Antworten statt Kompromissen
Im Bestreben, eine Volkspartei alter Prägung zu sein, sei die SPD inhaltlich beliebig und profillos geworden, so Dulig weiter. Nun bestehe die Herausforderung darin, die SPD zu einer neuen „Gesellschaftspartei“ weiterzuentwickeln, die auf die zentralen Zukunftsfragen der Gesellschaft „überzeugende Antworten statt lauer Kompromisse“ finden müsse.

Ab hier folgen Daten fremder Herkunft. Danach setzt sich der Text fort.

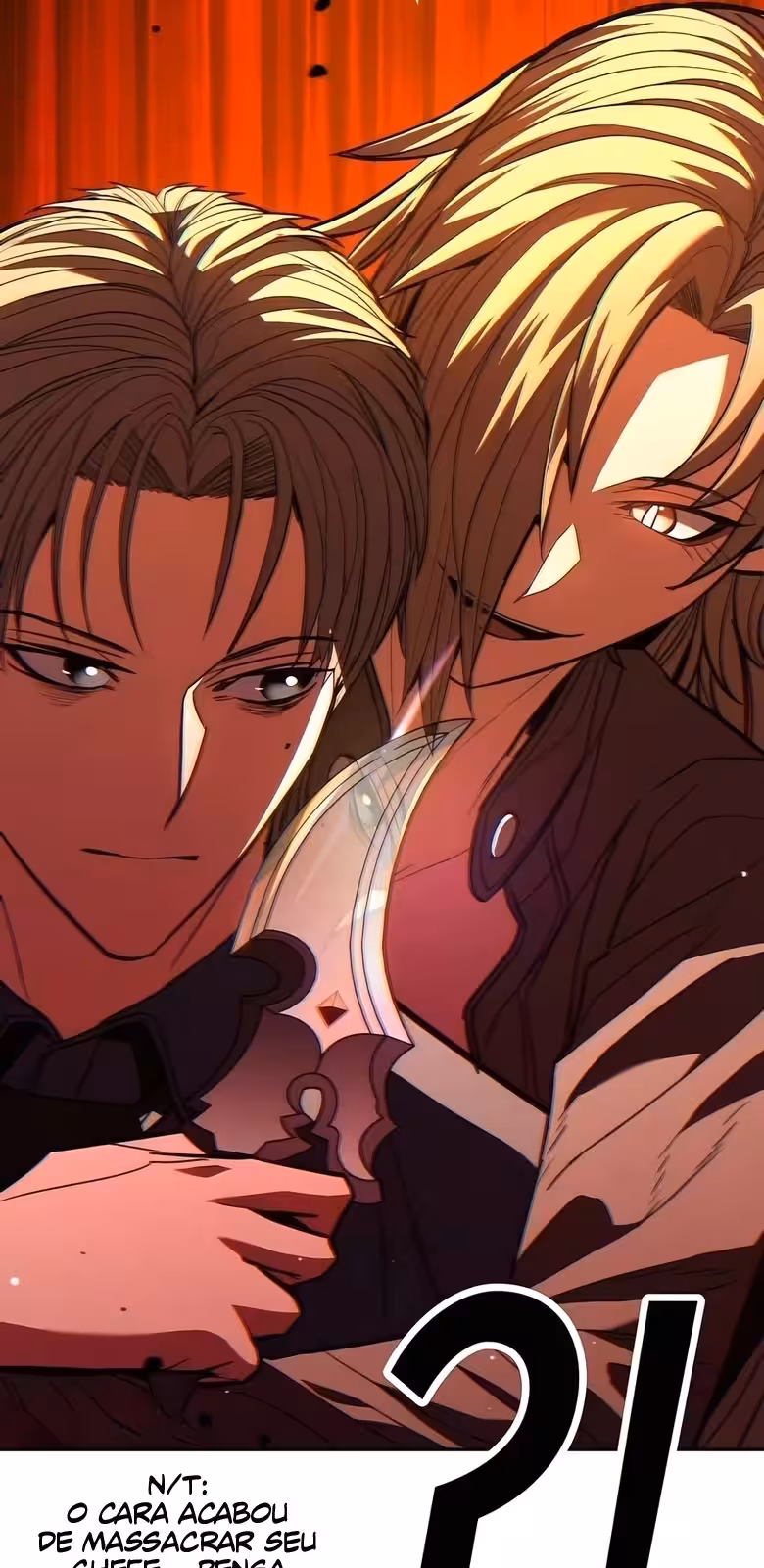 Página do Capítulo 25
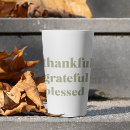 Recherche de gracieux tasses Pour tous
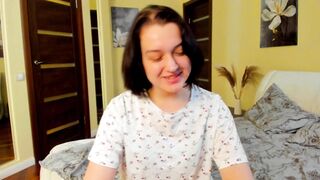 Watch DorisColbourne Cam Porn Video [Stripchat] - shaven, cam2cam, yoga-teens, big-ass, new-white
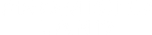 Logo Promised Land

Der 45-jährige Dulig, der auch SPD-Spitzenkandidat für die sächsische Landtagswahl am 1. September ist, fordert in seiner Erklärung, die mit dem Namen seines Heimatortes verknüpft ist, eine grundlegende Neuorganisation der Partei. „Der gute alte Ortsverein wird so nicht mehr überlebensfähig sein“, schreibt er. „In seiner jetzigen Form entspricht er nicht mehr den Beteiligungs- und Kommunikationswünschen moderner, politisch interessierter Menschen, die wir ansprechen wollen.“
SPD muss jünger werden
Die SPD müsse Organisationsstrukturen über lokale Vereinsgrenzen hinweg aufbauen, außerdem eigene digitale Plattformen, um die Partei transparenter, basisdemokratischer und unabhängiger von Facebook, YouTube oder Instagram zu machen. Außerdem müsse die SPD jünger werden. „Die klassische „Ochsentour“ durch die Parteiinstanzen als das Maß aller Dinge muss ein Ende haben“, schreibt Dulig. Er fordert nicht nur eine Frauen-, sondern auch eine Jugendquote bei der Besetzung von Ämtern.
Außerdem wirbt der sächsische Wirtschaftsminister und Vizeregierungschef der schwarz-roten Koalition im Freistaat für eine neue Haltung seiner Parteifreunde. „Das wehleidige Lamento, dass die Menschen nicht würdigten, was wir für sie tun, muss aufhören“, schreibt er. Wenn Leistungen der SPD nicht gewürdigt würden, heiße das nur, dass die Partei sie nicht eindeutig genug kommuniziert habe. Und er mahnt: „Nie wieder dürfen wir in den Geruch kommen, dass es uns letztlich nur um Posten und persönliche Eitelkeiten geht“.